● Problem details:
Please set down, unchanged, each line from the one with "Vernis à ongles" to the final line of the data below, both included. Drop the pictures.

Excerpted data Block Start

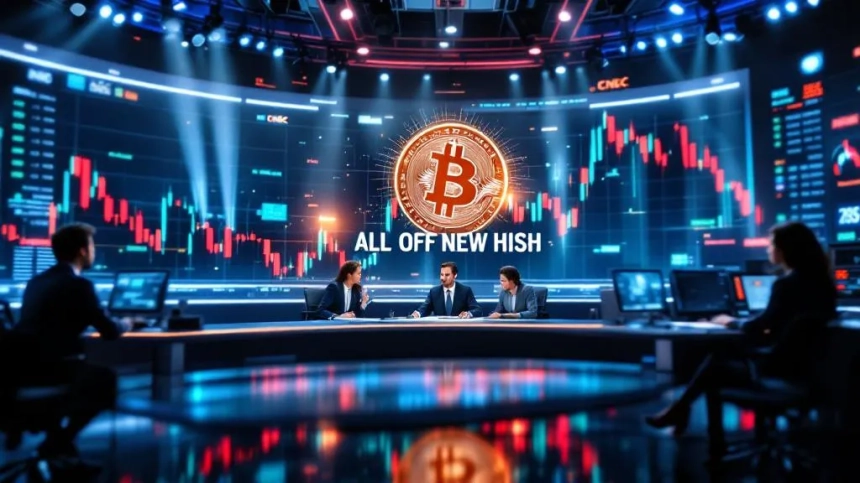 CNBC, 비트코인 사상 최고가 돌파 소식 집중 보도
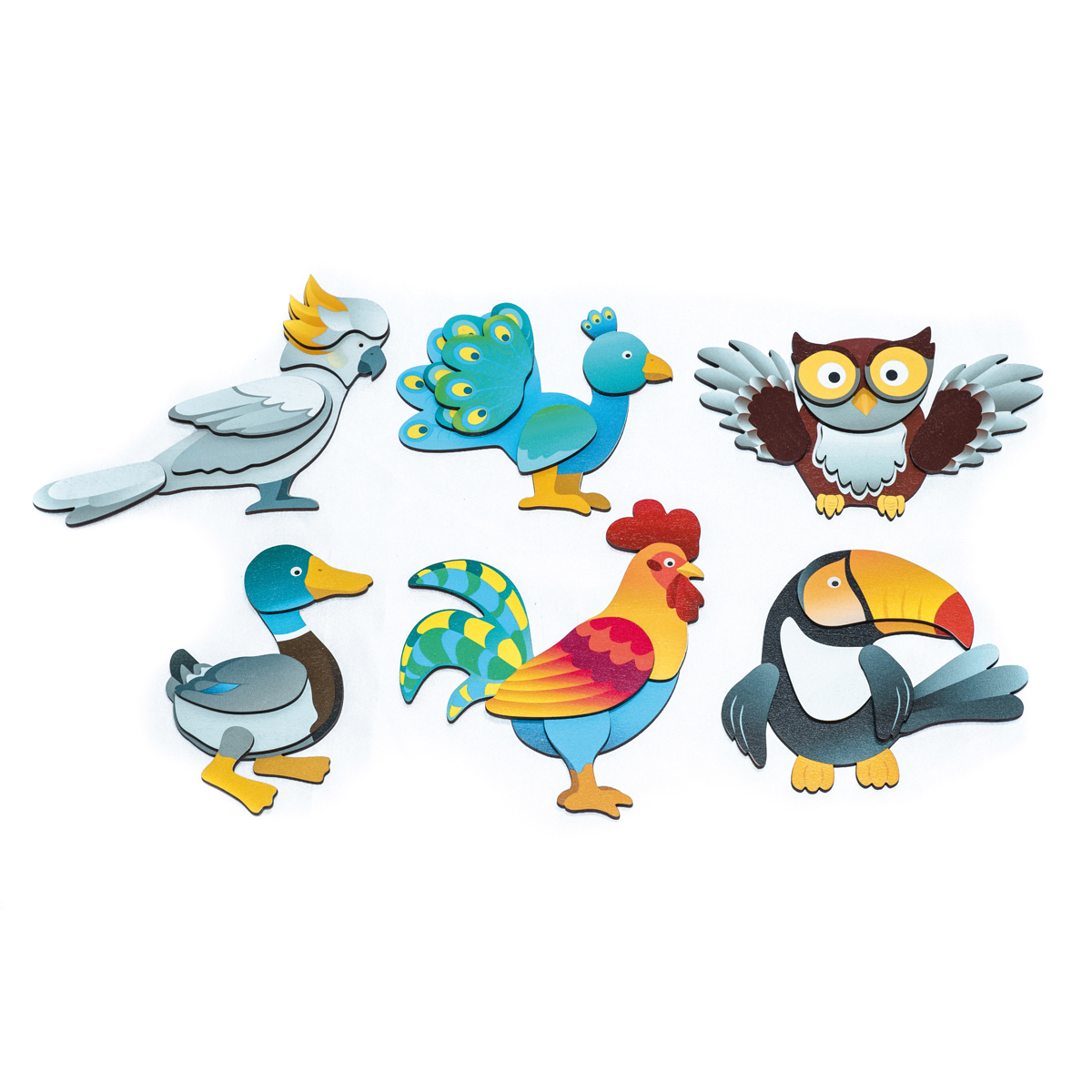 Tierfiguren, Vögel, Huhn, Pute, Ente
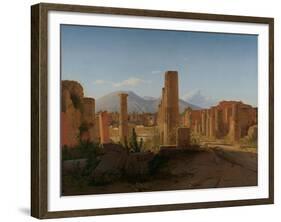 The Forum at Pompeii with Vesuvius in the Background, 1841-Christen Schiellerup Købke-Framed Giclee Print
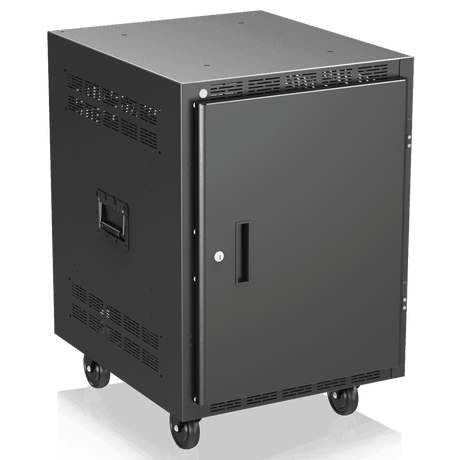 Atlas Sound RX14-25 25" Deep, 14RU Mobile Equipment Rack Includes: Casters, and Side Handles - Creation Networks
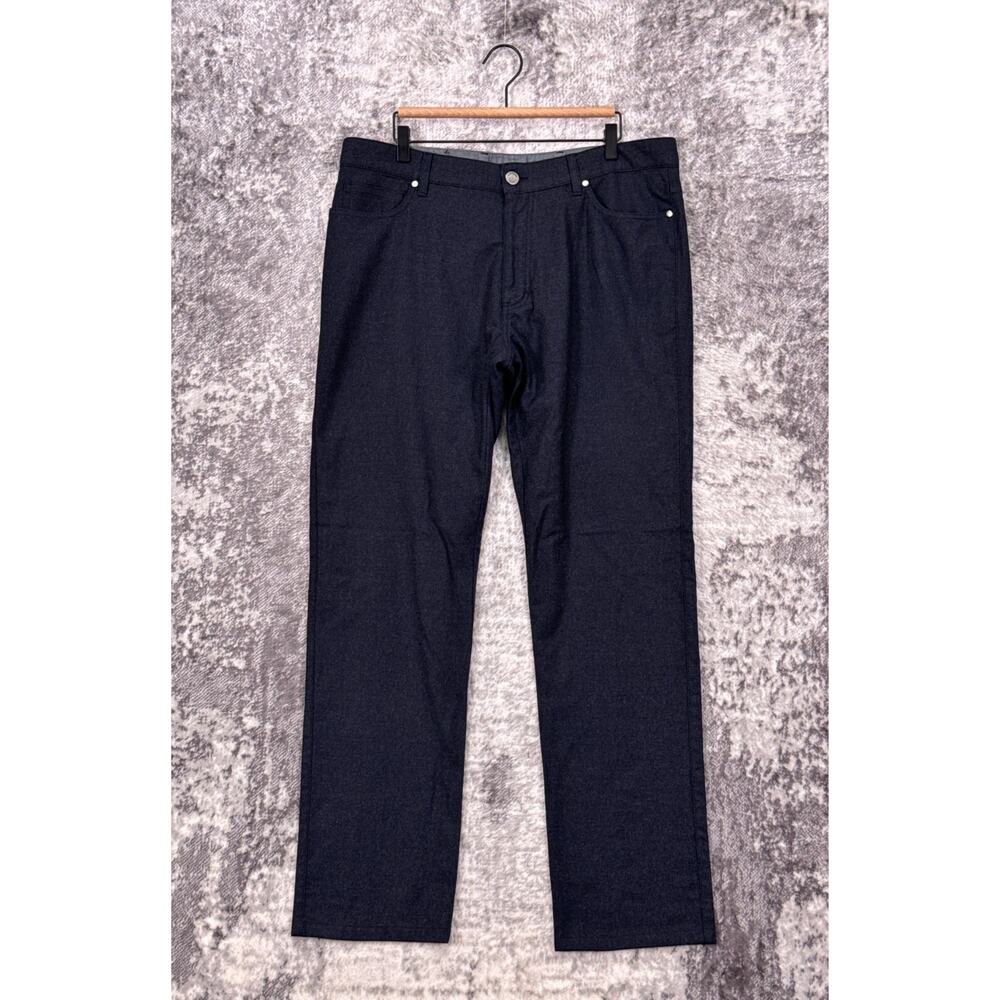 Ermenegildo Zegna Pants Large x 32 Mens Gray Wool Slim Straight Leg Casual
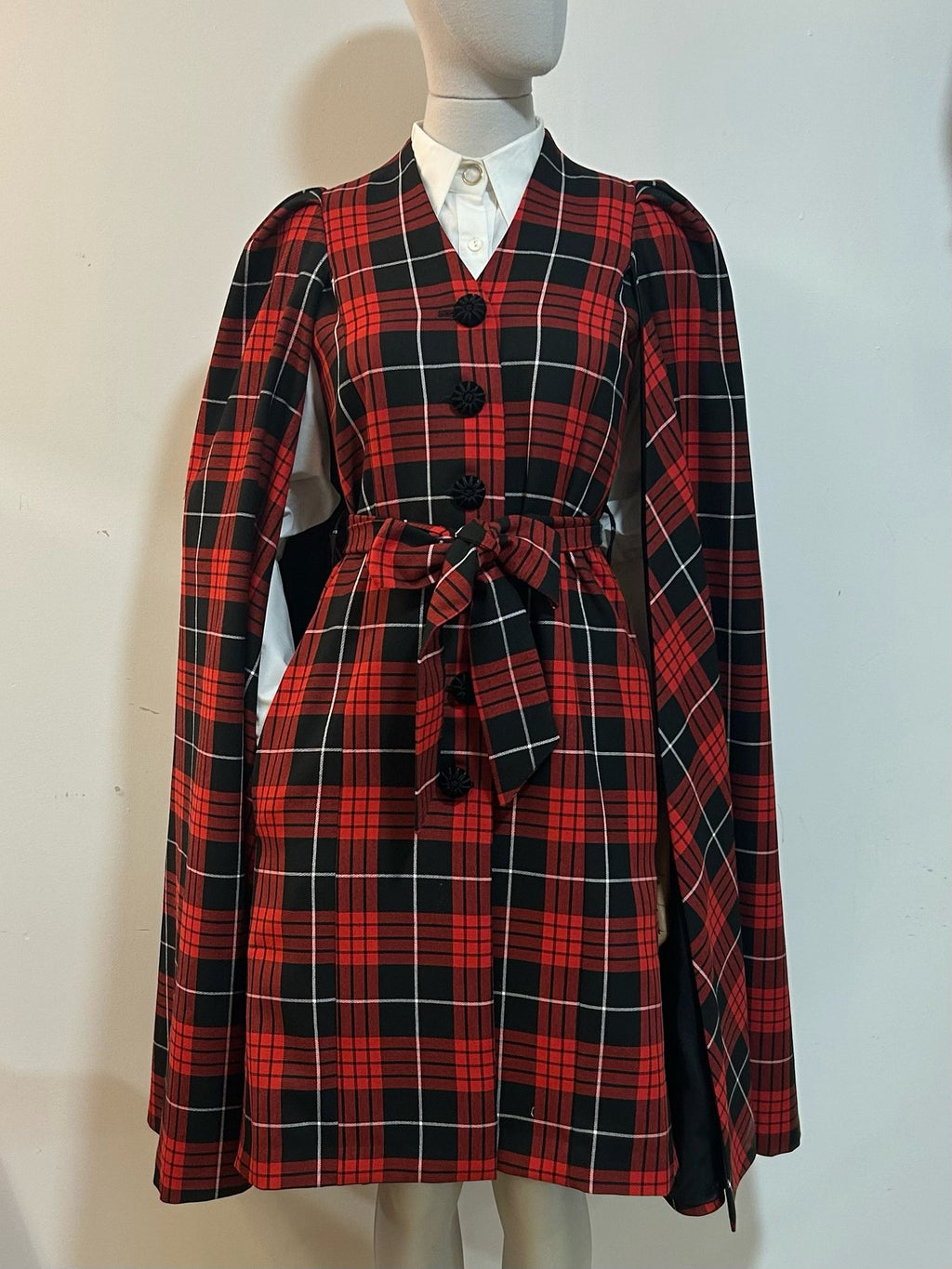 Tartan Tatyana Cape-Mantel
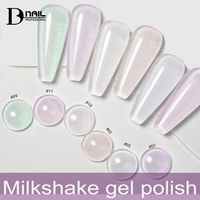 Vernis à ongles gel BD Milkshake, 12 couleurs, série Gentle Milk avec paillettes fines nacrées, hypoallergénique pour un style polyvalent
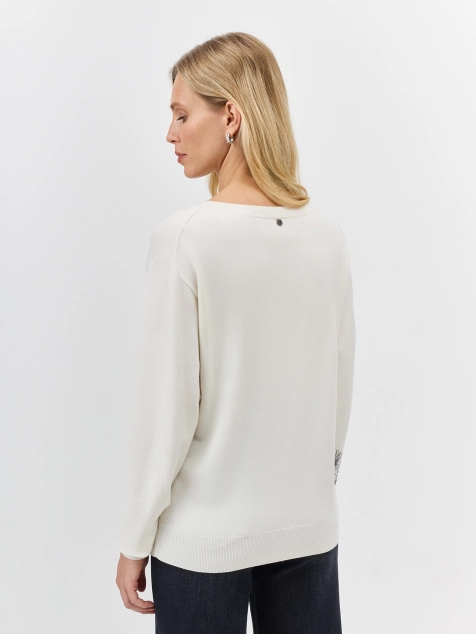 Джемпер с цветочным принтом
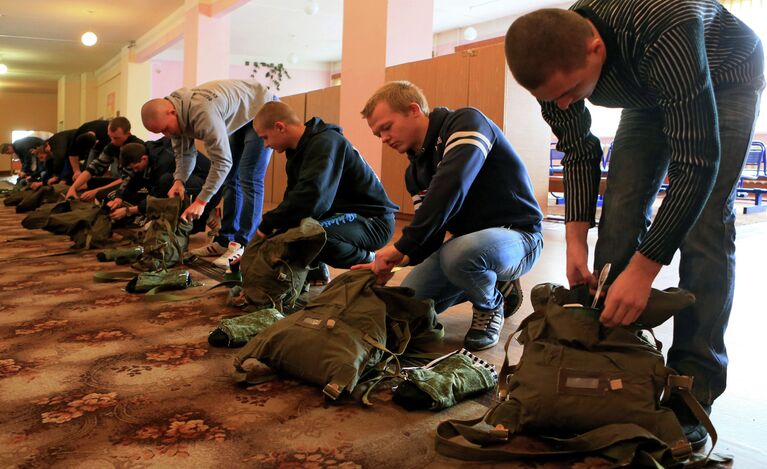 Призыв на военную службу в Калининграде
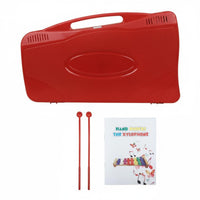Aluminum Bar Xylophone Introductory Set 25 Note Xylophone Colorful Percussion Songbook for Classroom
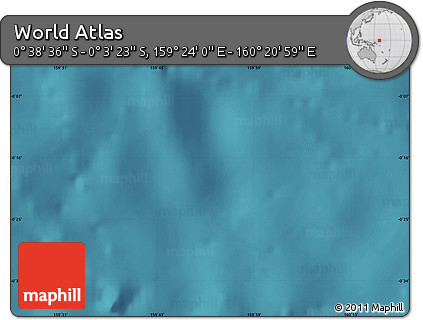 Satellite Map of the Area around 0° 21' 0" S, 159° 52' 30" E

Excerpted data Block End

● Result:
 Vernis à ongles gel BD Milkshake, 12 couleurs, série Gentle Milk avec paillettes fines nacrées, hypoallergénique pour un style polyvalent
 Джемпер с цветочным принтом
 Призыв на военную службу в Калининграде
Aluminum Bar Xylophone Introductory Set 25 Note Xylophone Colorful Percussion Songbook for Classroom
 Satellite Map of the Area around 0° 21' 0" S, 159° 52' 30" E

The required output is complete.